What can you do about this? Well, you have a few options:
Insulate the walls. If you add some thermal insulation on the exterior of your walls, not only will they be warmer on the inside (which will make the house more comfortable and also lower your heating bills), but the insulation will go a long way to keep the masonry in the wall from getting wet in the first place. This is probably the best solution, but also the most complicated and expensive. Adding exterior insulation is also very popular and common in Europe, so you will probably find many contractors able to do the job properly.
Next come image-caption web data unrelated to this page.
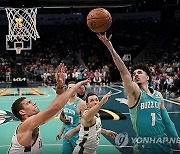 Bucks Hornets Basketball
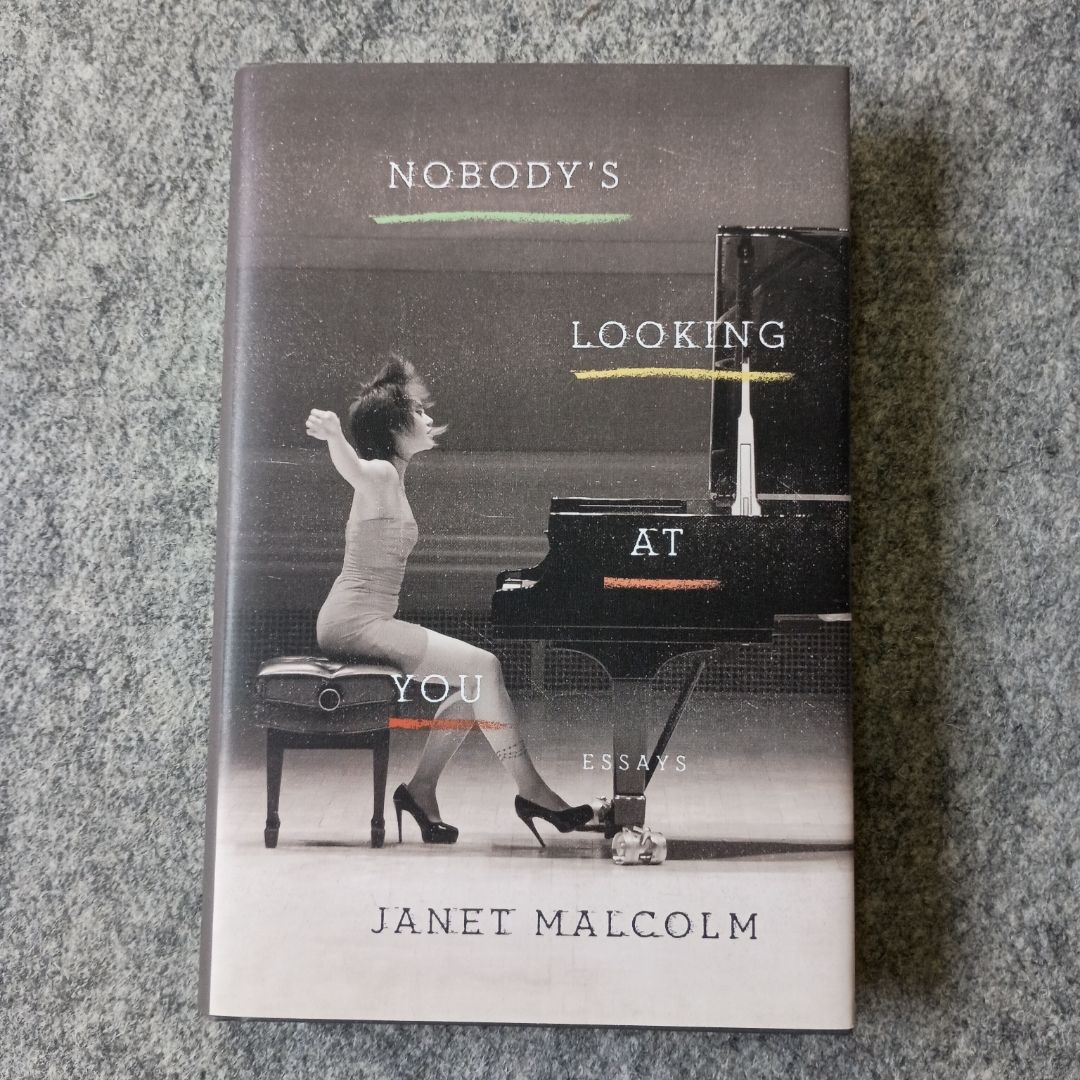 Nobody's Looking at You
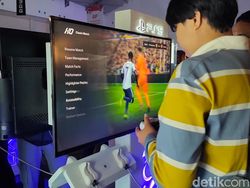 Seru! 1.000 Gamer Kumpul di Indonesia Game Festival 2024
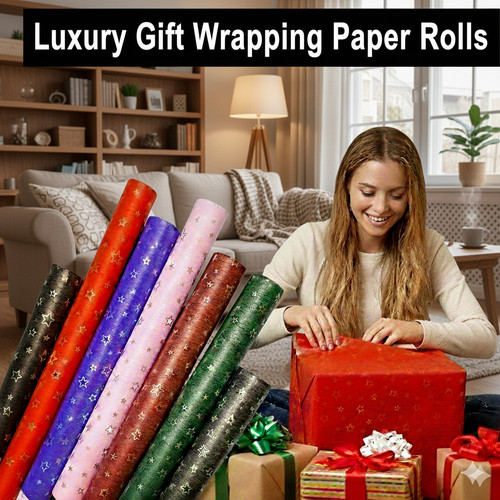 Gift wrap roll - wrap,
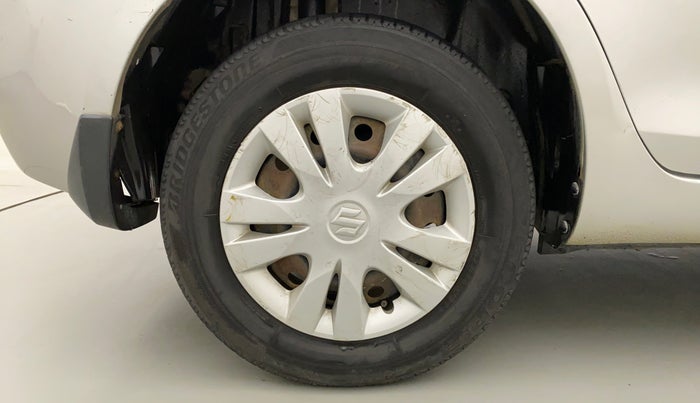 2013 Maruti Swift Dzire VDI, Diesel, Manual, 72,515 km, Right Rear Wheel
Keep the walls from getting as wet. Gee, what a surprise. In the UK, wet walls are probably inevitable. But the drier you can keep them, the better. One way would be to add a new exterior siding which includes a "ventilated rainscreen gap." When water strikes the new cladding and inevitably gets driven behind it due to wind and sunlight, instead of draining right into the existing wall, the ventilated gap will cause it to drain down a passageway and exit the bottom of the wall, away from the house.
Get some more interior ventilation. Your damp problem is probably compounded by a lack of adequate air leakage if the building has been retrofitted for increased energy efficiency through air sealing over its lifespan. Air leakage is bad because it robs the house of heat, but it also carries out moisture. There are now mechanical devices called Heat Recovery Ventilators (HRVs) whose job is to provide ventilation while retaining the heat in the air. Such a device, if carefully installed, might be worthwhile.
Remove any existing moisture barriers in the wall. I can't quite tell from the third picture, but that looks like wallpaper. If it's vinyl wallpaper, you need to remove all of it, because it's serving as a moisture barrier. When water in the wall tries to dry toward the inside of a wall with vinyl wallpaper, it gets stuck when it hits the vapor-impermeable vinyl and condenses there, eventually dripping out the bottom.
There are some things you don't want to do that might seem like a good idea:
Don't add any moisture barriers on either side of the wall. If you block off either side of the wall from being able to absorb or release water, you've (theoretically) stopped water from entering, but also exiting! So where's it going to go? Either out the other side of the wall, or it will condense just under the vapor barrier and cause mold, rot, etc.
Don't get a dehumidifier and call it a day. This would be putting an expensive band-aid on a real problem. The machine will be running 24/7 and you'll be constantly needing to empty it. Eventually it will silently break or you'll turn it off for a few days when you're out of the house and the problem will return.